◆ **TASK REQUIREMENTS**
Which lines run from the one containing "I then took" through the end of the data? Write them out exactly, with the pictures left out.

◆ **DATA**

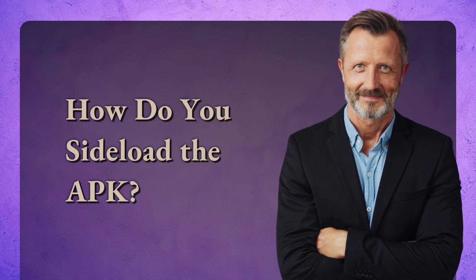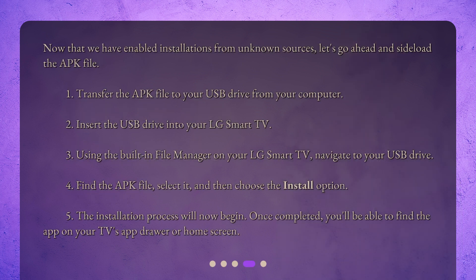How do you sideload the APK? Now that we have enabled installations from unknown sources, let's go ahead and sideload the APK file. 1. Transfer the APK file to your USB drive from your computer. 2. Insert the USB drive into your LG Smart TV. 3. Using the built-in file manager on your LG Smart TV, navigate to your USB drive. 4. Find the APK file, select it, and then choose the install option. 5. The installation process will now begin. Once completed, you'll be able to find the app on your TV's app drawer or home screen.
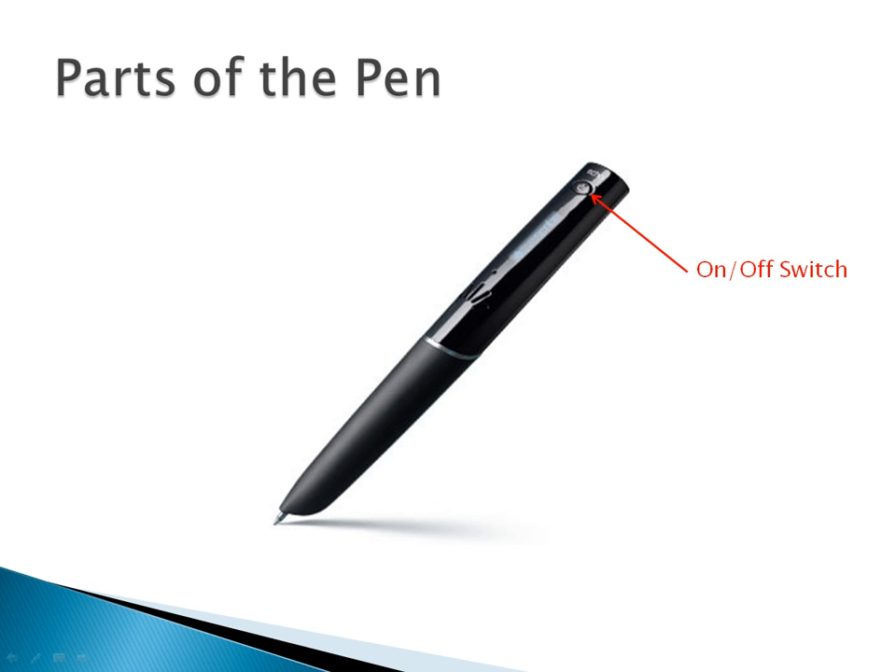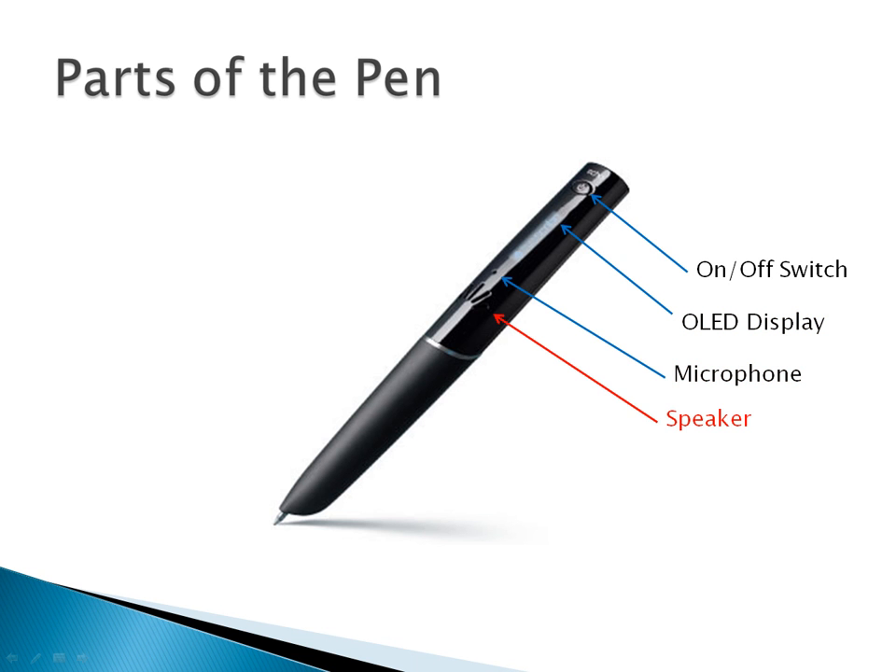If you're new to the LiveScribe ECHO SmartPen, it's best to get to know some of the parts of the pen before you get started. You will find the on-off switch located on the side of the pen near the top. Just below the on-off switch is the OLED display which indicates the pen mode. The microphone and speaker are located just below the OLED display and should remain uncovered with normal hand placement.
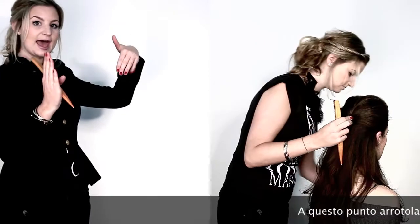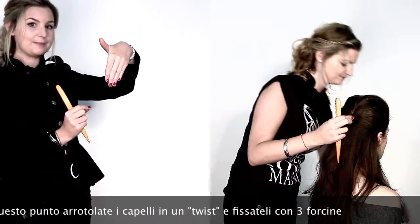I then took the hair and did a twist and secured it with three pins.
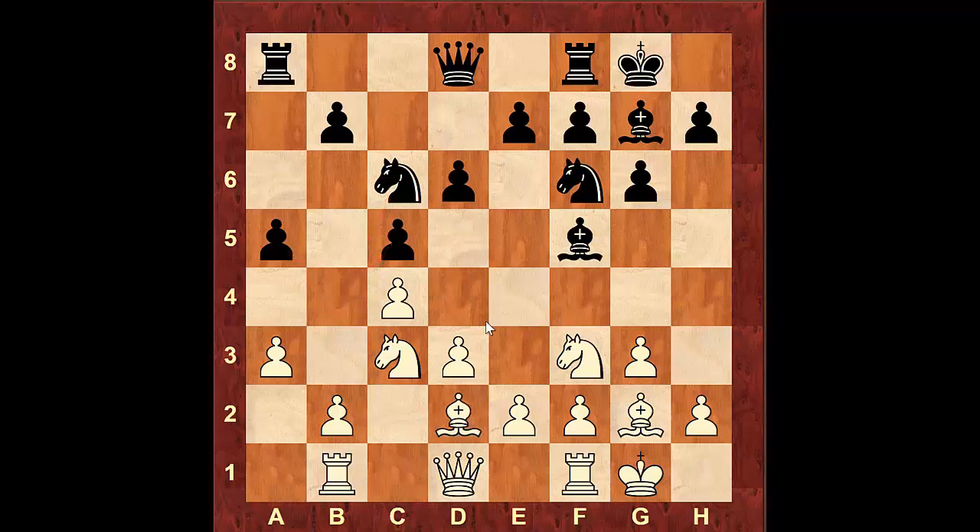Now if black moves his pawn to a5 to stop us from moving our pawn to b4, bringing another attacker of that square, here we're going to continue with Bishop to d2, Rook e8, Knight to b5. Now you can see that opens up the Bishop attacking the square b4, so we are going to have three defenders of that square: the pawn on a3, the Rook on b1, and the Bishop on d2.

◆ **SOLUTION TO THE PROBLEM**
I then took the hair and did a twist and secured it with three pins.
Now if black moves his pawn to a5 to stop us from moving our pawn to b4, bringing another attacker of that square, here we're going to continue with Bishop to d2, Rook e8, Knight to b5. Now you can see that opens up the Bishop attacking the square b4, so we are going to have three defenders of that square: the pawn on a3, the Rook on b1, and the Bishop on d2.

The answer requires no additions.